Ganatantra Manch (গণতন্ত্র মঞ্চ) was a political alliance consisting of six political parties in Bangladesh. The alliance announced its formation on 8 August 2024 and consisted of the Jatiya Samajtantrik Dal (Rab), the Nagorik Oikko, the Revolutionary Workers Party of Bangladesh, the Bhasani Anusari Parishad, the Rastro Songskar Andolon and the Ganosanhati Andolan. The Gono Odhikar Parishad was initially with the alliance, but in May 2023, they left the alliance. The coalition effectively ceased to function after Rashtra Sanskar Andolon and several allied parties withdrew and began pursuing a new alliance with National Citizen Party.

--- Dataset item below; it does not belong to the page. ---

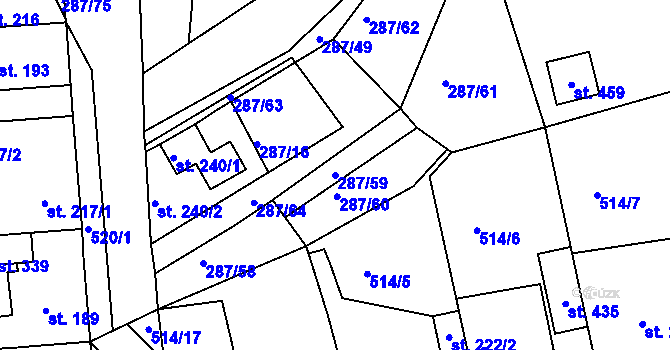 Parcela st. 287/59 v KÚ Tetín u Berouna, Katastrální mapa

=== Left Democratic Alliance ===

The Left Democratic Alliance is an alliance of six leftist political parties including Communist Party of Bangladesh, Socialist Party of Bangladesh, Socialist Party of Bangladesh (Marxist), Revolutionary Communist League of Bangladesh.

=== United Front ===

The United Front was a coalition of political parties in East Bengal that contested and won Pakistan's first provincial general election to the East Bengal Legislative Assembly. The coalition consisted of the Awami Muslim League, the Krishak Praja Party, the Ganatantri Dal (Democratic Party), and Nizam-e-Islam.

== Registered parties ==

These are all the parties that are currently registered under Election Commission.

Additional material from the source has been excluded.